§ **Exercise instructions**
Only the text of the entries below should be returned, exactly as given, without pictures.

--- START ---

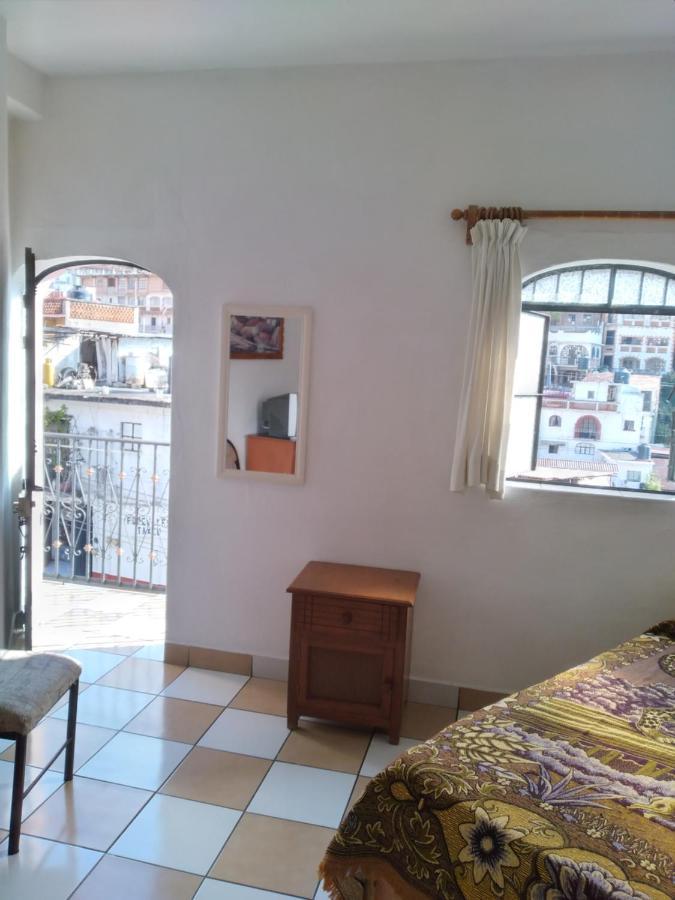 Hotel Las Palomas Taxco de Alarcon Exterior photo
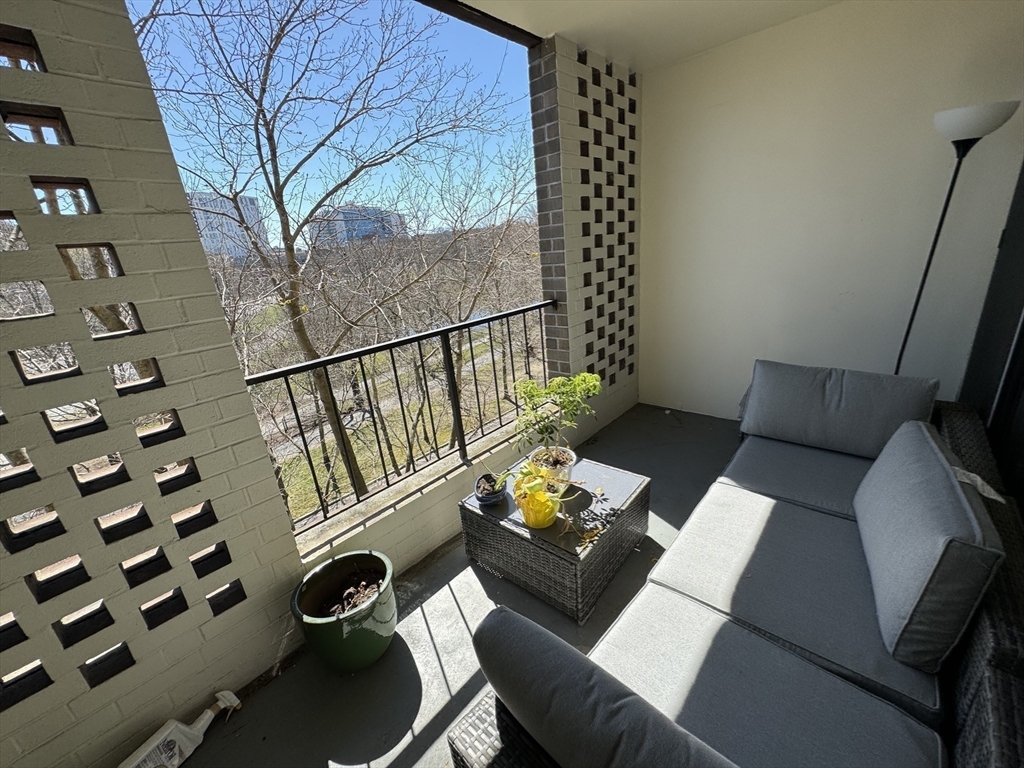 33 Pond Ave # 521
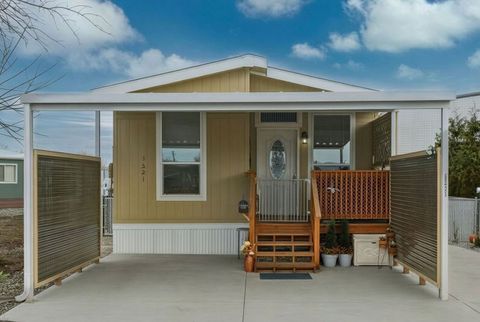 Photo of 1221 Arkansas Drive, Walla Walla, WA 99362 (MLS # 2489405)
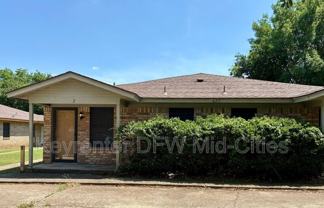 621 Race St #4 - Photo 1 of 1
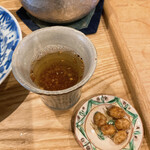 蕎麦 ろあん 湯村 - 蕎麦の実たっぷりの蕎麦茶と蕎麦粉を固めた甘味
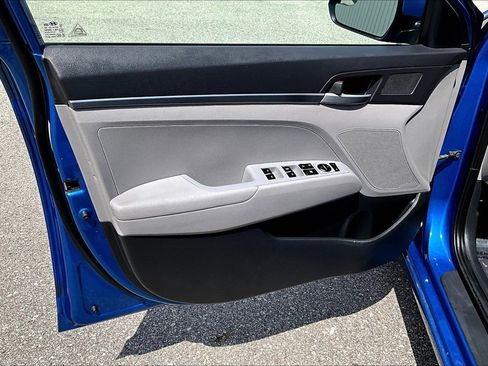 Used 2017 Hyundai Elantra SE image 19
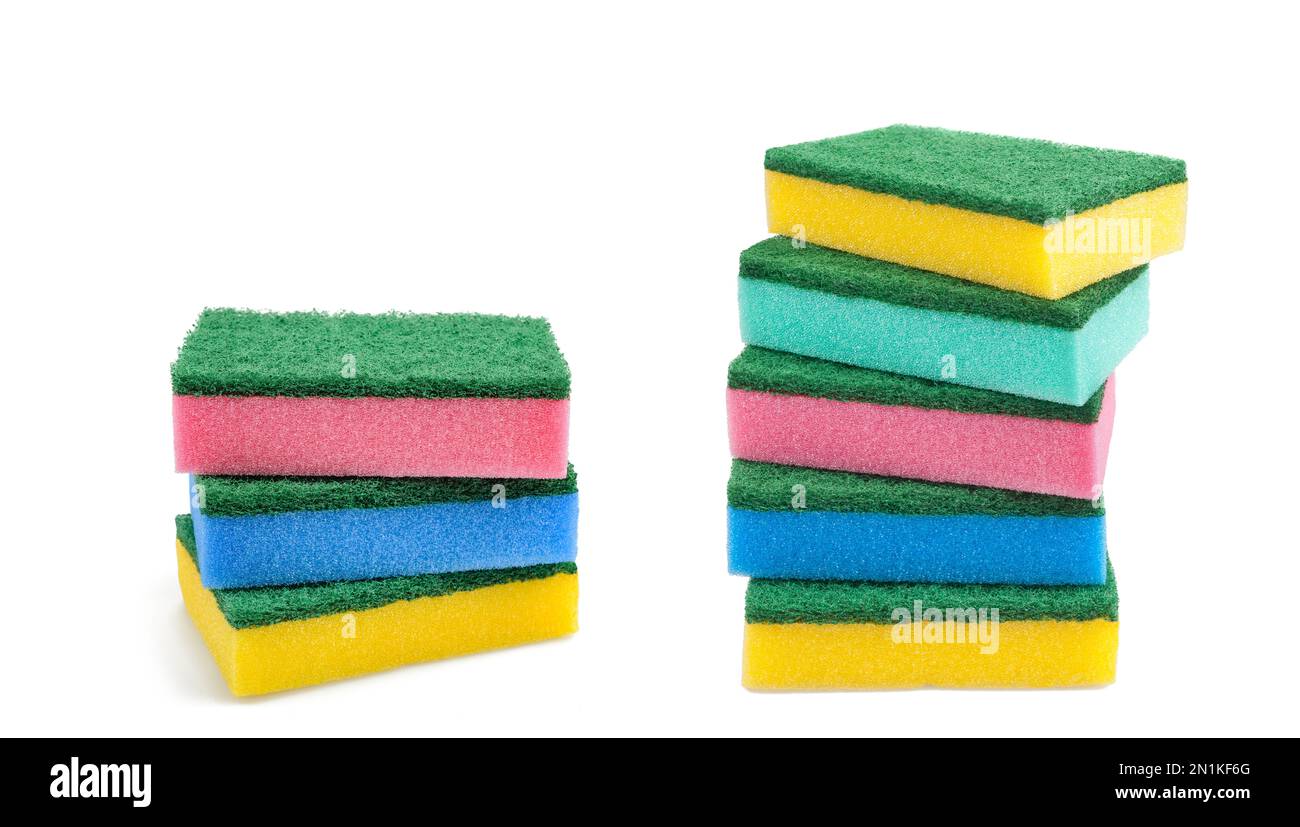 Éponges abrasives isolées sur fond blanc Banque D'Images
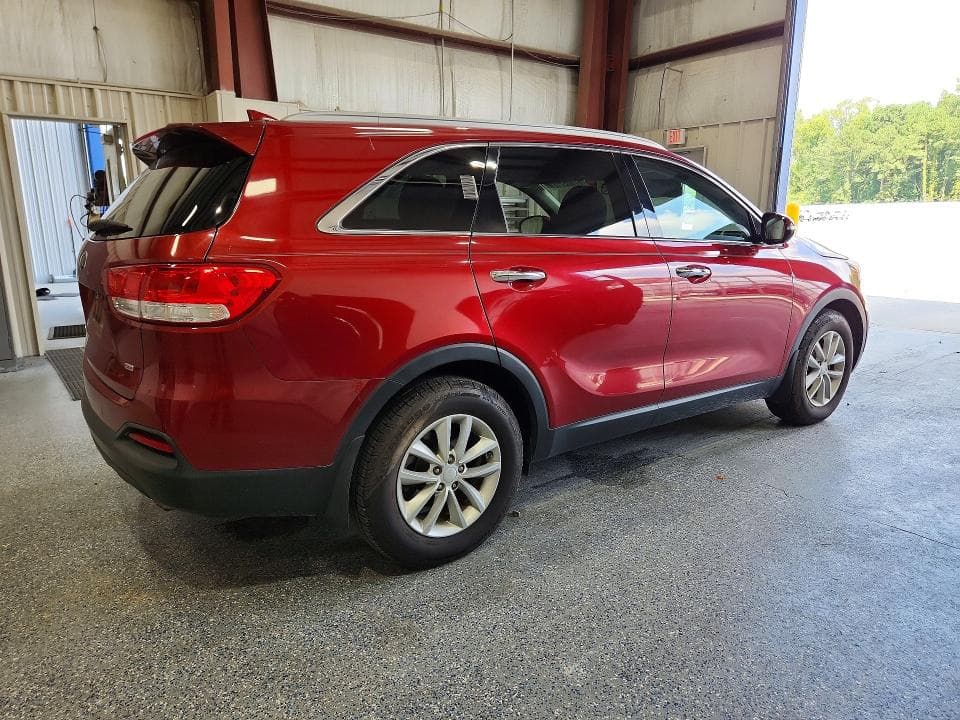 2018 KIA SORENTO LX 3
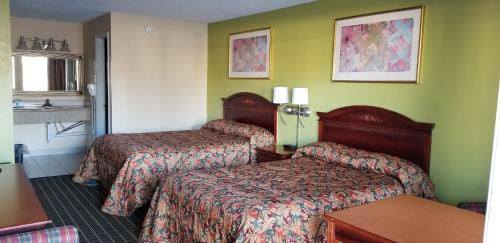 Cama ou camas em um quarto em Newport News Inn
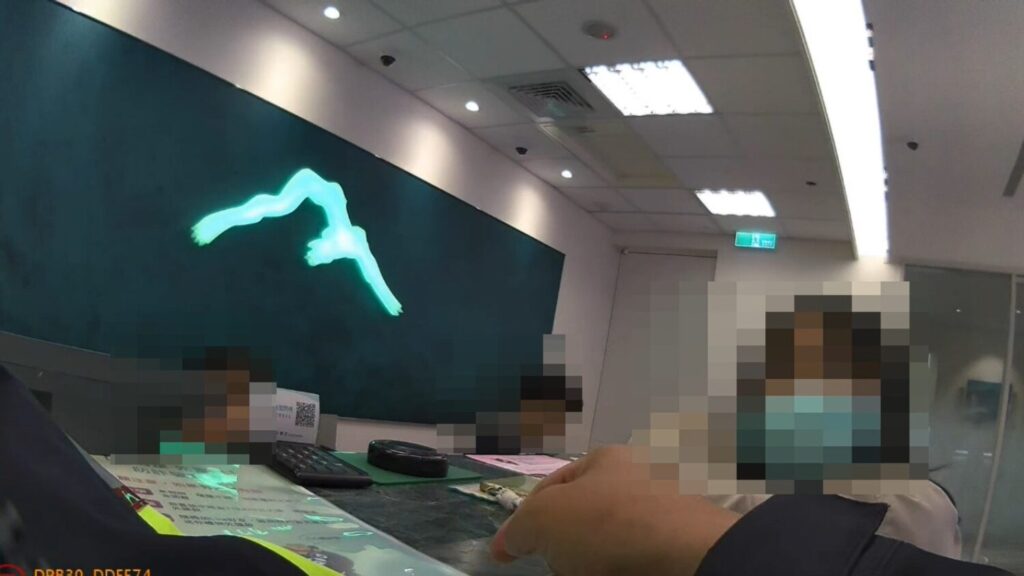警方耐心向被害人宣導以裝潢名義提領現金常見詐騙手法 。(圖/記者薛秀蓮 翻攝)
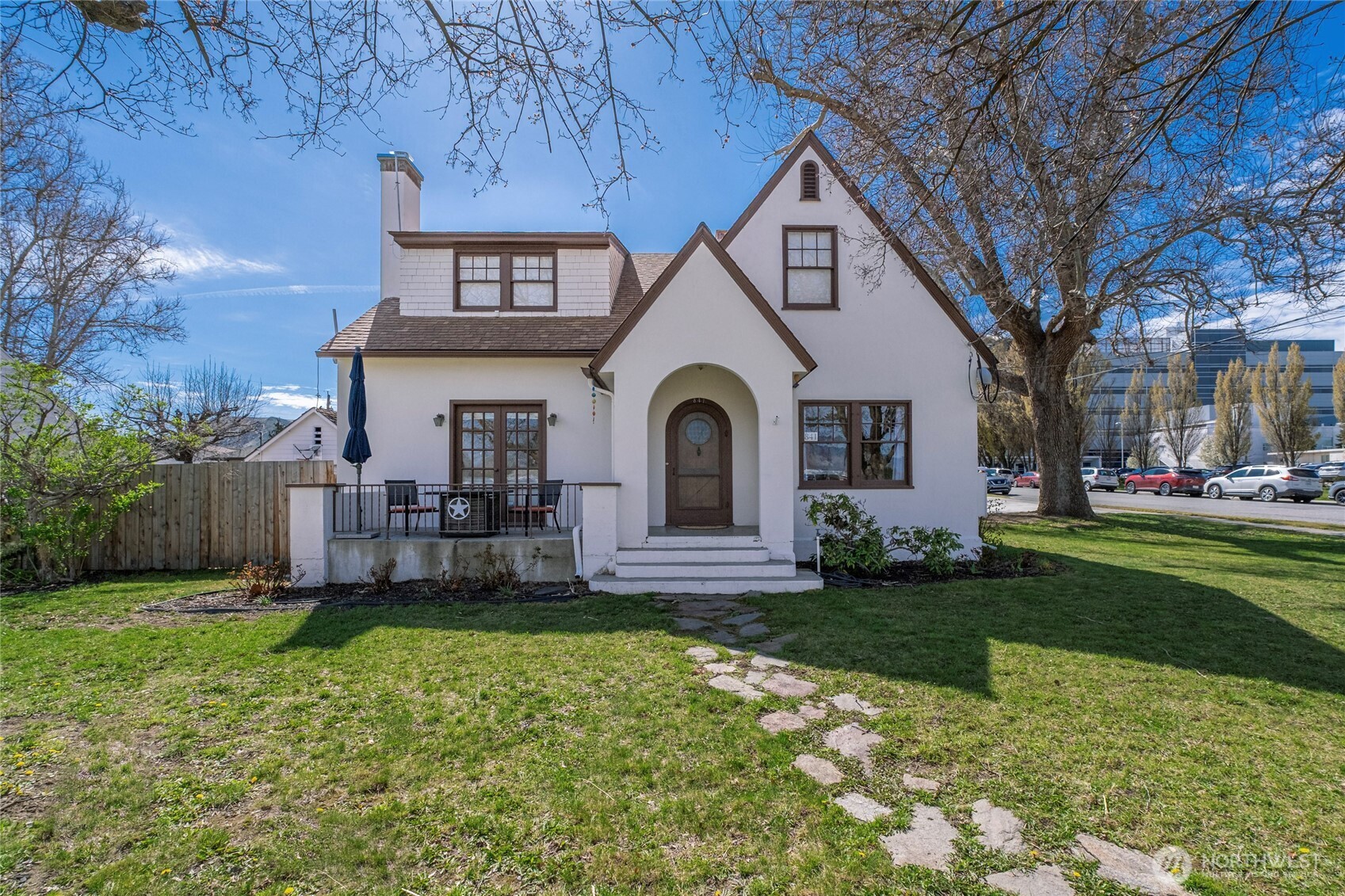 841 Red Apple Road Wenatchee WA 98801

--- END ---

§ **Solution to this exercise**
 Hotel Las Palomas Taxco de Alarcon Exterior photo
 33 Pond Ave # 521
 Photo of 1221 Arkansas Drive, Walla Walla, WA 99362 (MLS # 2489405)
 621 Race St #4 - Photo 1 of 1
 蕎麦 ろあん 湯村 - 蕎麦の実たっぷりの蕎麦茶と蕎麦粉を固めた甘味
 Used 2017 Hyundai Elantra SE image 19
 Éponges abrasives isolées sur fond blanc Banque D'Images
 2018 KIA SORENTO LX 3
 Cama ou camas em um quarto em Newport News Inn
警方耐心向被害人宣導以裝潢名義提領現金常見詐騙手法 。(圖/記者薛秀蓮 翻攝)
 841 Red Apple Road Wenatchee WA 98801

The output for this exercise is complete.